Combining the prophetic meaning of all three children, we find that Israel did not return from the exile, but was sown or scattered among the nations of the world, and lost their identification as Israel, the people of God. This was quite in contrast to Judah, in which almost 50,000 exiles returned to Canaan with Ezra and Nehemiah, and rebuilt Jerusalem and its temple.

Hosea 1:11

Bible commentaries generally state that the time period of this prophecy was at the end of the Babylonian captivity, which may indeed be correct as far as its Old Covenant fulfillment. However, they also suppose that it indicates the complete return of God’s people to Jerusalem after the fall of Babylon in 537 B.C. This cannot be the case, for several important reasons.

Notice that the prophecy declares that at the time of its fulfillment, Israel would be a great multitude “as the sand of the sea, which cannot be measured nor numbered.” Yet we are told that only 42,360 Israelites returned to Jerusalem from the Babylonian captivity. (Ezra 2:64) Certainly no one would affirm that such a small number, which can and was counted, represents the great multitude as the sand of the sea that could not be counted!

Again observe that one head was to be appointed by Israel and Judah. Who was that head? The Babylonian return included at least two prominent leaders, Ezra and Nehemiah, whose accounts appear in the books of the Bible named after them. In a New Covenant sense, this one head was Christ, who was to be received in faith by Israel. (Jer. 3:14-17) In an Old Covenant sense, it may have been the famous tribal leader, Odin, who according to history led his tribes from the Mid-East into Europe. (See the article, “An Ancient Answer to an Old Question” on the CBIA website, www.israelite.ca)


With this contextual background to the first chapter of Hosea, let us now focus upon Hosea’s first child, Jezreel, and see what prophetic import “the day of Jezreel” has for us. The child was evidently named prophetically for the famous Valley of Jezreel, which often figured prominently in Old Testament history.
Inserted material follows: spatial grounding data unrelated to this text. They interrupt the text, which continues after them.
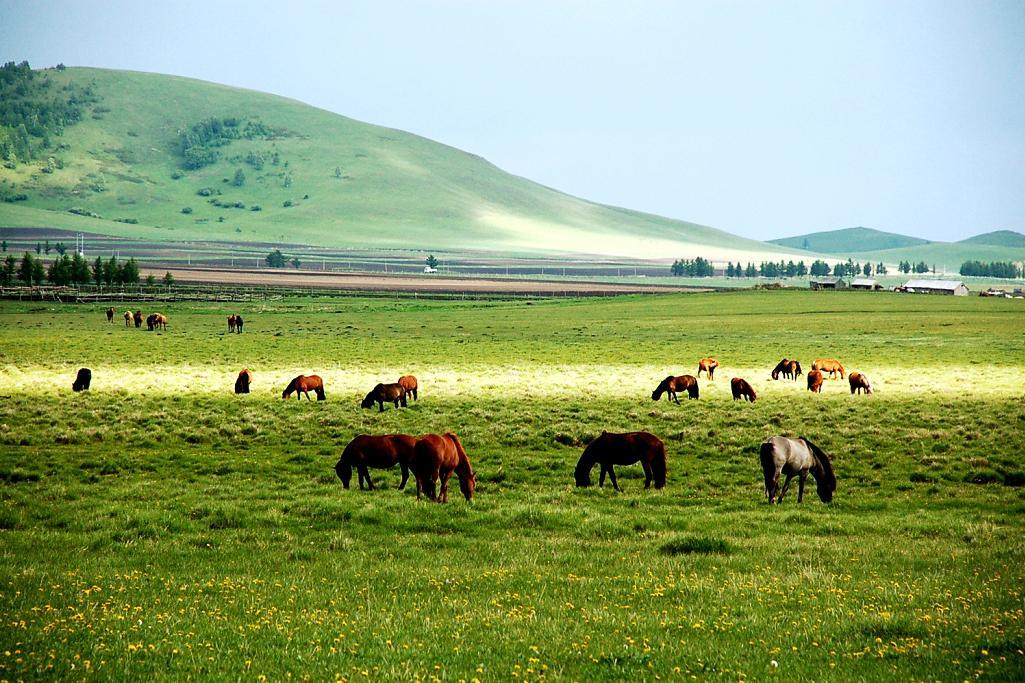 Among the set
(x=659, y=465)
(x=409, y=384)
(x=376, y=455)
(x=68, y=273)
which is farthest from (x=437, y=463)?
(x=68, y=273)

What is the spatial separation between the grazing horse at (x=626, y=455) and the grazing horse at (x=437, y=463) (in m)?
3.20

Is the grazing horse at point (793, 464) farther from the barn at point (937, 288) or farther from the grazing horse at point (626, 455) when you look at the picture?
the barn at point (937, 288)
Located about 60 miles north of Jerusalem, it was thirty miles across east to west and eighteen miles north to south. Jezreel is the most fertile region of Canaan, which is indicated by the meaning of its name, “God’s seeding place.” A major portion of the Valley of Jezreel was apportioned to the tribe of Issachar, who we are told rejoiced in their tents. (Dt. 33:18)
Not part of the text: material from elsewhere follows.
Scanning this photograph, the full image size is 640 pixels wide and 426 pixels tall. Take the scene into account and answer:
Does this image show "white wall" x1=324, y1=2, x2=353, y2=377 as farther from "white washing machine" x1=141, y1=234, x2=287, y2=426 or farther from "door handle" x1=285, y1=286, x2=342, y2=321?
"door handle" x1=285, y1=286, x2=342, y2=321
Along with the benefit of its fertility came the disadvantage of being sought out by the enemies of Israel throughout Old Testament history. The armies of the Canaanites, Philistines, Egyptians, Assyrians, and Babylonians were only a few of the heathen nations who gathered there and pitched their tents on the soil of Jezreel. Its corresponding Greek name was Esdraelon, by which it appears in the apocryphal book of Judith (1:8). The McClintock & Strong Cyclopedia adds, “The struggle of good and evil is [typified] by that battlefield, the plain of Esdraelon, which was famous for two great victories – of Barak over the Canaanites (Judges chapters 4 & 5) and Gideon over the Midianites (Judges 7); and for two great disasters, the death of Saul in the invasion of the Philistines (I Sam 31:8) and the death of Josiah in the invasion of the Egyptians (2 Kings 23:29-30; 2Chron 35:22).” (I:405)

Armageddon and After

Of even more significance to Christians, this area is also referred to by another name: Armageddon, meaning “the mountain of Megiddo.” The city of Megiddo and the mountain nearby gave their name to the region anciently called Jezreel. We read this interesting New Testament passage in Revelation 16:13-16, “And I saw three unclean spirits like frogs come out of the mouth of the dragon, and out of the mouth of the beast, and out of the mouth of the false prophet. For they are the spirits of devils, working miracles, which go forth unto the kings of the earth and of the whole world, to gather them to the battle of that great day of God Almighty… And he gathered them together into a place called in the Hebrew tongue Armageddon.” Although it is usual to see it referred to as “the battle of Armageddon,” the Concordant Keyword Concordance observes, “There is no battle at Armageddon.” The word, “gather” in the text is a translation of the Greek word, “sunegagen,” meaning “led together” or “mobilized.” Apparently the forces of wickedness are gathered within the most fertile, productive part of Israel in the end times to do their unclean, demonic works before God’s judgment falls upon them. Is that happening today?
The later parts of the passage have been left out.